Your instructions.
Set down, exactly and only, everything from the line containing "nemophila1_140422" down to the line containing "Sfeerbeeld van Vroondijk" in the data below; the pictures are not part of the copy.

Dataset.

'''

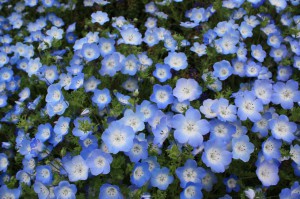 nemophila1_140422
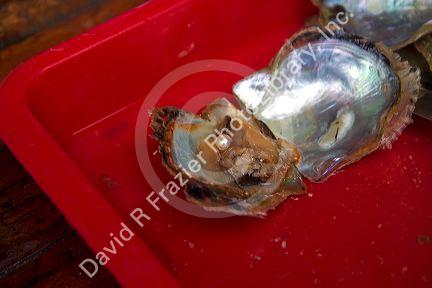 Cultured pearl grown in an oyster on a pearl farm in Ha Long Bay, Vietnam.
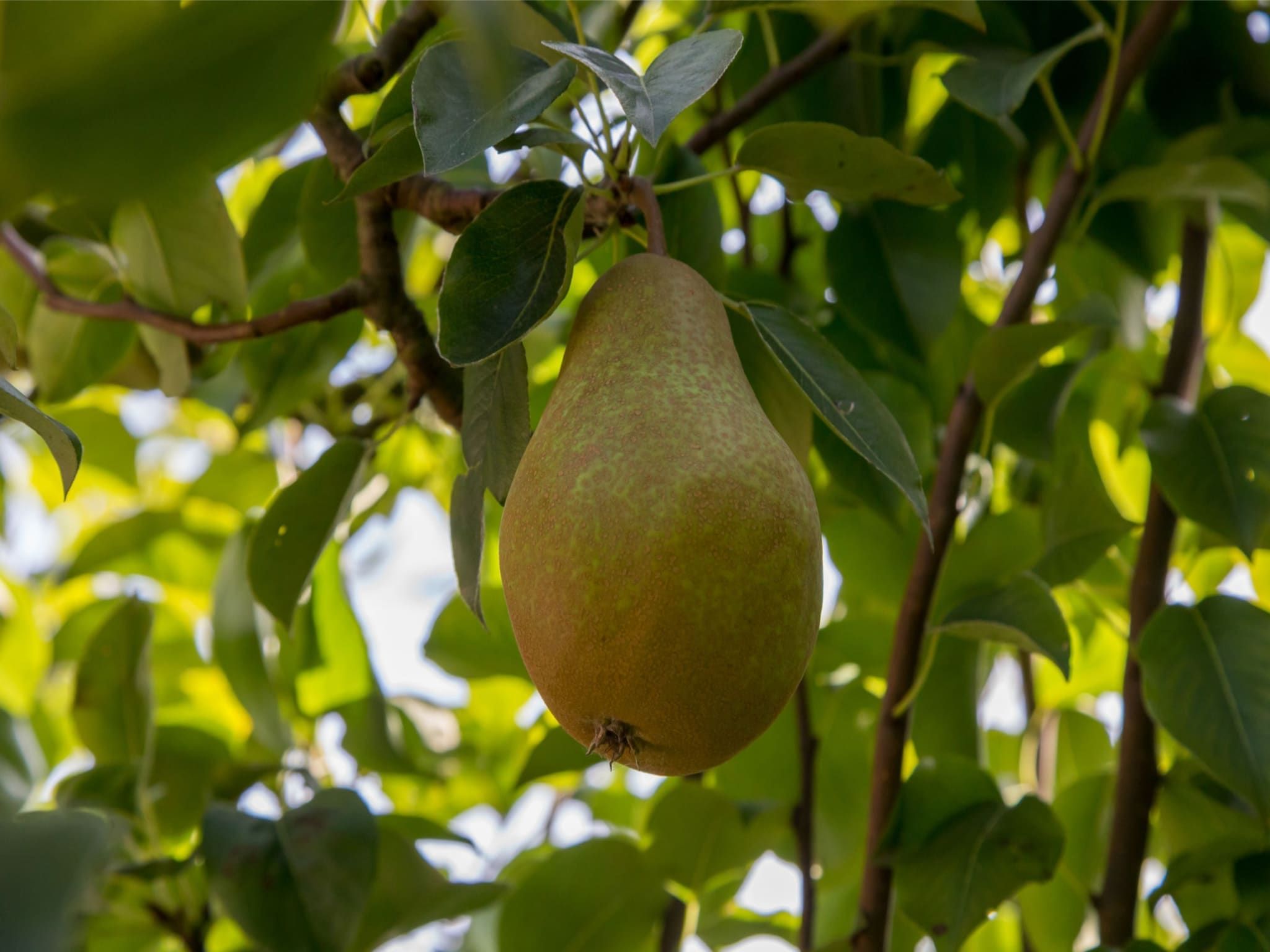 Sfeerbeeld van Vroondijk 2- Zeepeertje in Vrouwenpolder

'''
'''

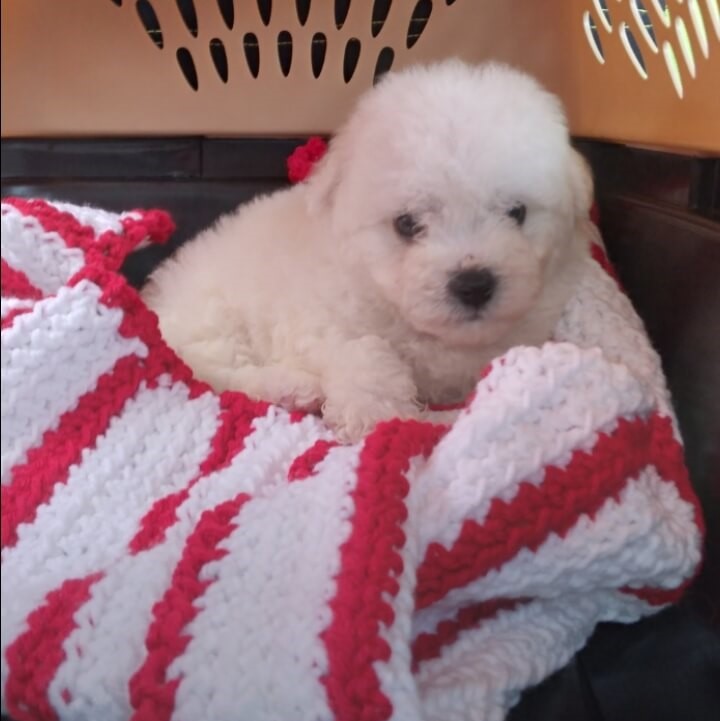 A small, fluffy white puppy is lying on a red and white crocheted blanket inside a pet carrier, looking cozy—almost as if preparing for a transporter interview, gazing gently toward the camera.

'''

Task answer.
 nemophila1_140422
 Cultured pearl grown in an oyster on a pearl farm in Ha Long Bay, Vietnam.
 Sfeerbeeld van Vroondijk 2- Zeepeertje in Vrouwenpolder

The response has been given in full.